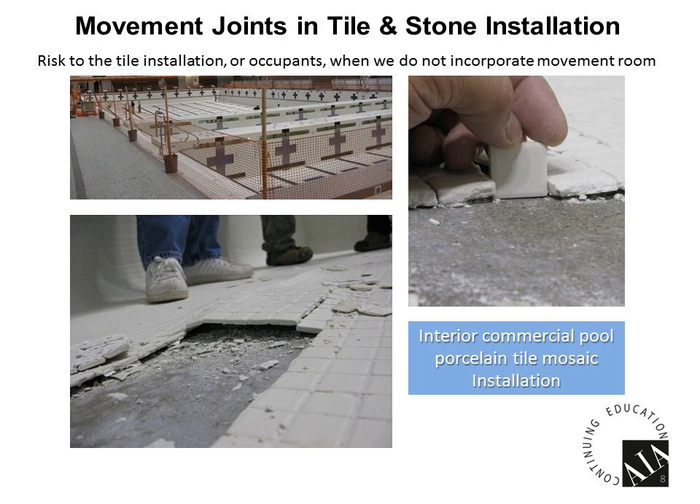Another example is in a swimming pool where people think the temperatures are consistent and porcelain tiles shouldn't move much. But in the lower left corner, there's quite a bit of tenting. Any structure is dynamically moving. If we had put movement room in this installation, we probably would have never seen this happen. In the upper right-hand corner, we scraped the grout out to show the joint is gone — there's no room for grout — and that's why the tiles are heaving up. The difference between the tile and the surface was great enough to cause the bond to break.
§ §
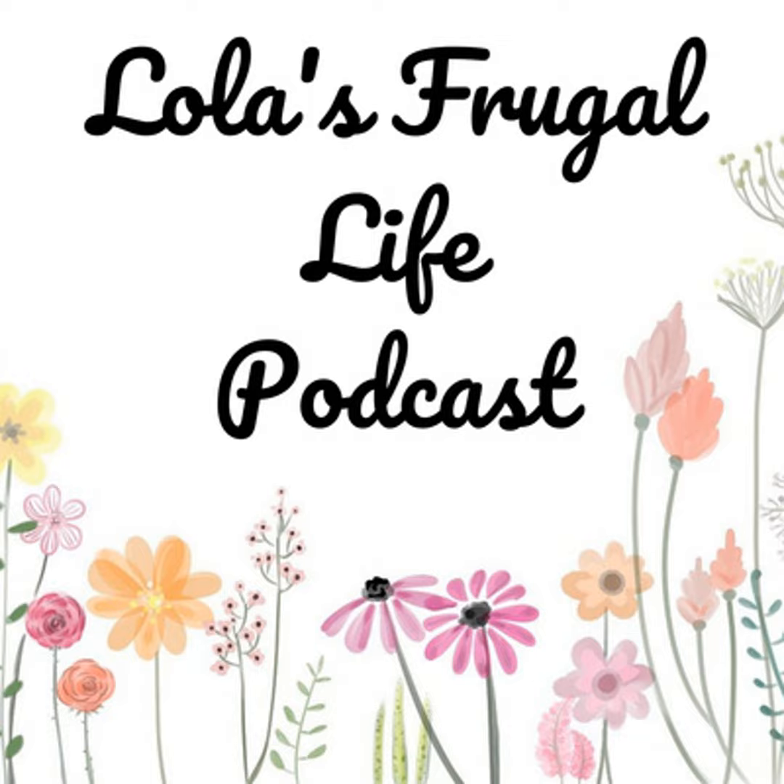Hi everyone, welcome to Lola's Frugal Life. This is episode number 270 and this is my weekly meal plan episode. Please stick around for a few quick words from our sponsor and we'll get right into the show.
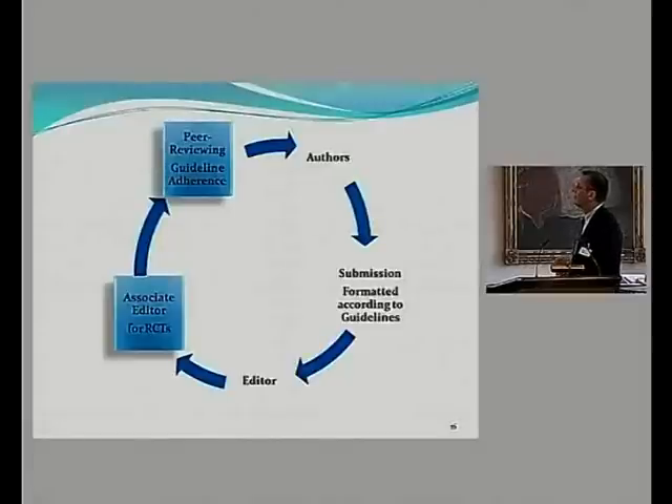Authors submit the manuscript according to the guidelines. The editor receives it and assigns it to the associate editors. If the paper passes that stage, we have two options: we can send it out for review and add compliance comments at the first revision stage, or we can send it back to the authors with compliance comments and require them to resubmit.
§ §
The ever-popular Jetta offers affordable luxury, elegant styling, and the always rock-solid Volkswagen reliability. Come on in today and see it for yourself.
§ §
**YOUR INSTRUCTIONS:** Exact copy, no pictures. Write out the lines in the entries above, starting with the line with "Hi everyone, welcome" and going on through the line with "Authors submit the", keeping both.

**REPLY TO THE TASK:**
Hi everyone, welcome to Lola's Frugal Life. This is episode number 270 and this is my weekly meal plan episode. Please stick around for a few quick words from our sponsor and we'll get right into the show.
Authors submit the manuscript according to the guidelines. The editor receives it and assigns it to the associate editors. If the paper passes that stage, we have two options: we can send it out for review and add compliance comments at the first revision stage, or we can send it back to the authors with compliance comments and require them to resubmit.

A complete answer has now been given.